§ **What you need to do**:
Could you print every entry below exactly as given?

§ **Data extracts**:
--- START ---

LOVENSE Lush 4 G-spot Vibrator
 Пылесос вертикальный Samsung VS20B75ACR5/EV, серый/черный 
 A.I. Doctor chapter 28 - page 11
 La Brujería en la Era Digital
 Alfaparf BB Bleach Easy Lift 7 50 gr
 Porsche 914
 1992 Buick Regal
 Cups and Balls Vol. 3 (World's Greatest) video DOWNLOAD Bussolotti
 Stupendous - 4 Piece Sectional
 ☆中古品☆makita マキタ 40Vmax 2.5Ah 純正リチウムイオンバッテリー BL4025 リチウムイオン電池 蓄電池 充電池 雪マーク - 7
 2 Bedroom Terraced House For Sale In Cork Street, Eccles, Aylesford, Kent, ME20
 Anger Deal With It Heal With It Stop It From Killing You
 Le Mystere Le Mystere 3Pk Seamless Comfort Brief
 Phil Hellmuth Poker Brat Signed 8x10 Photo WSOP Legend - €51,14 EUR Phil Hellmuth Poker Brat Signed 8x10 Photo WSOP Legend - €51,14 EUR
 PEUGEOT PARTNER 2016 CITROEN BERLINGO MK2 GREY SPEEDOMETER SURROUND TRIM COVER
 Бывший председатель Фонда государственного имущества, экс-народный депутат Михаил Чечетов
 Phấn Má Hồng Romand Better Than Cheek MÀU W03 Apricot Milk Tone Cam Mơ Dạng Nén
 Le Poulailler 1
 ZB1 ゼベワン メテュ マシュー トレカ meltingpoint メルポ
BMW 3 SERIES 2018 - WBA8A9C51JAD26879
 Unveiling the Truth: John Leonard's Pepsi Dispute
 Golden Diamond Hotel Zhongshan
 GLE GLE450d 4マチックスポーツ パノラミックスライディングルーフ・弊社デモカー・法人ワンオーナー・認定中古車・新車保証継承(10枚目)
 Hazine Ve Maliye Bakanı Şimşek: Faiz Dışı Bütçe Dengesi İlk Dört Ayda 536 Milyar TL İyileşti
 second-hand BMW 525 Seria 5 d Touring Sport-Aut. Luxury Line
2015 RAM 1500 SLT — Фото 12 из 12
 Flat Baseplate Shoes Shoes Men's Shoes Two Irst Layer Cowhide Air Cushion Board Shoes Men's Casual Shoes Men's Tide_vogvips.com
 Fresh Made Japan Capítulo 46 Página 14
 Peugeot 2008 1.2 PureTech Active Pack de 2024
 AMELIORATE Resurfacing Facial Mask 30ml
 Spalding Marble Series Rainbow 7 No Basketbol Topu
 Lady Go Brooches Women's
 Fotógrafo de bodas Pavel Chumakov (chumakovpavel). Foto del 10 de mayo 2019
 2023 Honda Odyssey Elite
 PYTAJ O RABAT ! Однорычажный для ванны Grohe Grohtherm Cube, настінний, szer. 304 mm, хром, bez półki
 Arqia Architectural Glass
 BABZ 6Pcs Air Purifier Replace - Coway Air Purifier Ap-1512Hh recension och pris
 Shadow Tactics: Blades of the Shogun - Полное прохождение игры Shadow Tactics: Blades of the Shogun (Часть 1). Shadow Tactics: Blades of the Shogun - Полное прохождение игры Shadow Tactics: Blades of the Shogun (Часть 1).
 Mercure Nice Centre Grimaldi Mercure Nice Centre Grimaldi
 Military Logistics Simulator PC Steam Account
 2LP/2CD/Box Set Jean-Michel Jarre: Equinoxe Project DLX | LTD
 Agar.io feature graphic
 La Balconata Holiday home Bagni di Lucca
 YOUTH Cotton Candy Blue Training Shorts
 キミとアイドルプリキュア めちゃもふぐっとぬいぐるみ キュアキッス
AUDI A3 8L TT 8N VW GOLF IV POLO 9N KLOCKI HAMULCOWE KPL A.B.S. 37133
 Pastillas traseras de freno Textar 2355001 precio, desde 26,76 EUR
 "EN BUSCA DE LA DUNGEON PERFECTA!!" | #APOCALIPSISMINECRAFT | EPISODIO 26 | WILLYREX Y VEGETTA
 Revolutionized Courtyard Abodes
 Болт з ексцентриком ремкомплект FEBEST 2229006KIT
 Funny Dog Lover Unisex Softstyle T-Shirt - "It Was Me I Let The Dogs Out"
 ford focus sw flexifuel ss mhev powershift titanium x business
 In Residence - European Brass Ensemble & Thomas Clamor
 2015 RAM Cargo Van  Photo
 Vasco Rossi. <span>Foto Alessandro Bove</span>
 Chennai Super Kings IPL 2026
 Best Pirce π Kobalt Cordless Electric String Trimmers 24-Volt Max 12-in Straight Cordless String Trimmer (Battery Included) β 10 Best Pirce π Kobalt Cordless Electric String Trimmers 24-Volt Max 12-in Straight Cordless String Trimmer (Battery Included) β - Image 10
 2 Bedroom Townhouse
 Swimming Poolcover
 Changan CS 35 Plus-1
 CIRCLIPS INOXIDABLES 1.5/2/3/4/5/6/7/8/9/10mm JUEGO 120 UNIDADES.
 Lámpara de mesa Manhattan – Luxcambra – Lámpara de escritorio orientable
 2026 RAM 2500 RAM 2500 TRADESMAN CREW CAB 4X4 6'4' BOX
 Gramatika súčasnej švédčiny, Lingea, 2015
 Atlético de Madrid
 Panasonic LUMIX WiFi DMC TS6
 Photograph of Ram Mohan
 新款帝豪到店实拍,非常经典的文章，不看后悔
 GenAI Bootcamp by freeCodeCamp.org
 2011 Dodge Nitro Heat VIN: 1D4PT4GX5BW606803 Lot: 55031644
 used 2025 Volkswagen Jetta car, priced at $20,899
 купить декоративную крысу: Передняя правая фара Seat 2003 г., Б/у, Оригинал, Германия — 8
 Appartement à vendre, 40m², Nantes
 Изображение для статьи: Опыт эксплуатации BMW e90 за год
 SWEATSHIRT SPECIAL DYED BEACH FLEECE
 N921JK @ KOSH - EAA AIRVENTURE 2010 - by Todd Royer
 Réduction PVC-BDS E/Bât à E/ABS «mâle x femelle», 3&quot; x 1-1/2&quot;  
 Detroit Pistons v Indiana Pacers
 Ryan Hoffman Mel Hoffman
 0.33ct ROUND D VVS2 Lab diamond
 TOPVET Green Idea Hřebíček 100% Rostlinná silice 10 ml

--- END ---

§ **Solved problem**:
LOVENSE Lush 4 G-spot Vibrator
 Пылесос вертикальный Samsung VS20B75ACR5/EV, серый/черный 
 A.I. Doctor chapter 28 - page 11
 La Brujería en la Era Digital
 Alfaparf BB Bleach Easy Lift 7 50 gr
 Porsche 914
 1992 Buick Regal
 Cups and Balls Vol. 3 (World's Greatest) video DOWNLOAD Bussolotti
 Stupendous - 4 Piece Sectional
 ☆中古品☆makita マキタ 40Vmax 2.5Ah 純正リチウムイオンバッテリー BL4025 リチウムイオン電池 蓄電池 充電池 雪マーク - 7
 2 Bedroom Terraced House For Sale In Cork Street, Eccles, Aylesford, Kent, ME20
 Anger Deal With It Heal With It Stop It From Killing You
 Le Mystere Le Mystere 3Pk Seamless Comfort Brief
 Phil Hellmuth Poker Brat Signed 8x10 Photo WSOP Legend - €51,14 EUR Phil Hellmuth Poker Brat Signed 8x10 Photo WSOP Legend - €51,14 EUR
 PEUGEOT PARTNER 2016 CITROEN BERLINGO MK2 GREY SPEEDOMETER SURROUND TRIM COVER
 Бывший председатель Фонда государственного имущества, экс-народный депутат Михаил Чечетов
 Phấn Má Hồng Romand Better Than Cheek MÀU W03 Apricot Milk Tone Cam Mơ Dạng Nén
 Le Poulailler 1
 ZB1 ゼベワン メテュ マシュー トレカ meltingpoint メルポ
BMW 3 SERIES 2018 - WBA8A9C51JAD26879
 Unveiling the Truth: John Leonard's Pepsi Dispute
 Golden Diamond Hotel Zhongshan
 GLE GLE450d 4マチックスポーツ パノラミックスライディングルーフ・弊社デモカー・法人ワンオーナー・認定中古車・新車保証継承(10枚目)
 Hazine Ve Maliye Bakanı Şimşek: Faiz Dışı Bütçe Dengesi İlk Dört Ayda 536 Milyar TL İyileşti
 second-hand BMW 525 Seria 5 d Touring Sport-Aut. Luxury Line
2015 RAM 1500 SLT — Фото 12 из 12
 Flat Baseplate Shoes Shoes Men's Shoes Two Irst Layer Cowhide Air Cushion Board Shoes Men's Casual Shoes Men's Tide_vogvips.com
 Fresh Made Japan Capítulo 46 Página 14
 Peugeot 2008 1.2 PureTech Active Pack de 2024
 AMELIORATE Resurfacing Facial Mask 30ml
 Spalding Marble Series Rainbow 7 No Basketbol Topu
 Lady Go Brooches Women's
 Fotógrafo de bodas Pavel Chumakov (chumakovpavel). Foto del 10 de mayo 2019
 2023 Honda Odyssey Elite
 PYTAJ O RABAT ! Однорычажный для ванны Grohe Grohtherm Cube, настінний, szer. 304 mm, хром, bez półki
 Arqia Architectural Glass
 BABZ 6Pcs Air Purifier Replace - Coway Air Purifier Ap-1512Hh recension och pris
 Shadow Tactics: Blades of the Shogun - Полное прохождение игры Shadow Tactics: Blades of the Shogun (Часть 1). Shadow Tactics: Blades of the Shogun - Полное прохождение игры Shadow Tactics: Blades of the Shogun (Часть 1).
 Mercure Nice Centre Grimaldi Mercure Nice Centre Grimaldi
 Military Logistics Simulator PC Steam Account
 2LP/2CD/Box Set Jean-Michel Jarre: Equinoxe Project DLX | LTD
 Agar.io feature graphic
 La Balconata Holiday home Bagni di Lucca
 YOUTH Cotton Candy Blue Training Shorts
 キミとアイドルプリキュア めちゃもふぐっとぬいぐるみ キュアキッス
AUDI A3 8L TT 8N VW GOLF IV POLO 9N KLOCKI HAMULCOWE KPL A.B.S. 37133
 Pastillas traseras de freno Textar 2355001 precio, desde 26,76 EUR
 "EN BUSCA DE LA DUNGEON PERFECTA!!" | #APOCALIPSISMINECRAFT | EPISODIO 26 | WILLYREX Y VEGETTA
 Revolutionized Courtyard Abodes
 Болт з ексцентриком ремкомплект FEBEST 2229006KIT
 Funny Dog Lover Unisex Softstyle T-Shirt - "It Was Me I Let The Dogs Out"
 ford focus sw flexifuel ss mhev powershift titanium x business
 In Residence - European Brass Ensemble & Thomas Clamor
 2015 RAM Cargo Van  Photo
 Vasco Rossi. <span>Foto Alessandro Bove</span>
 Chennai Super Kings IPL 2026
 Best Pirce π Kobalt Cordless Electric String Trimmers 24-Volt Max 12-in Straight Cordless String Trimmer (Battery Included) β 10 Best Pirce π Kobalt Cordless Electric String Trimmers 24-Volt Max 12-in Straight Cordless String Trimmer (Battery Included) β - Image 10
 2 Bedroom Townhouse
 Swimming Poolcover
 Changan CS 35 Plus-1
 CIRCLIPS INOXIDABLES 1.5/2/3/4/5/6/7/8/9/10mm JUEGO 120 UNIDADES.
 Lámpara de mesa Manhattan – Luxcambra – Lámpara de escritorio orientable
 2026 RAM 2500 RAM 2500 TRADESMAN CREW CAB 4X4 6'4' BOX
 Gramatika súčasnej švédčiny, Lingea, 2015
 Atlético de Madrid
 Panasonic LUMIX WiFi DMC TS6
 Photograph of Ram Mohan
 新款帝豪到店实拍,非常经典的文章，不看后悔
 GenAI Bootcamp by freeCodeCamp.org
 2011 Dodge Nitro Heat VIN: 1D4PT4GX5BW606803 Lot: 55031644
 used 2025 Volkswagen Jetta car, priced at $20,899
 купить декоративную крысу: Передняя правая фара Seat 2003 г., Б/у, Оригинал, Германия — 8
 Appartement à vendre, 40m², Nantes
 Изображение для статьи: Опыт эксплуатации BMW e90 за год
 SWEATSHIRT SPECIAL DYED BEACH FLEECE
 N921JK @ KOSH - EAA AIRVENTURE 2010 - by Todd Royer
 Réduction PVC-BDS E/Bât à E/ABS «mâle x femelle», 3&quot; x 1-1/2&quot;  
 Detroit Pistons v Indiana Pacers
 Ryan Hoffman Mel Hoffman
 0.33ct ROUND D VVS2 Lab diamond
 TOPVET Green Idea Hřebíček 100% Rostlinná silice 10 ml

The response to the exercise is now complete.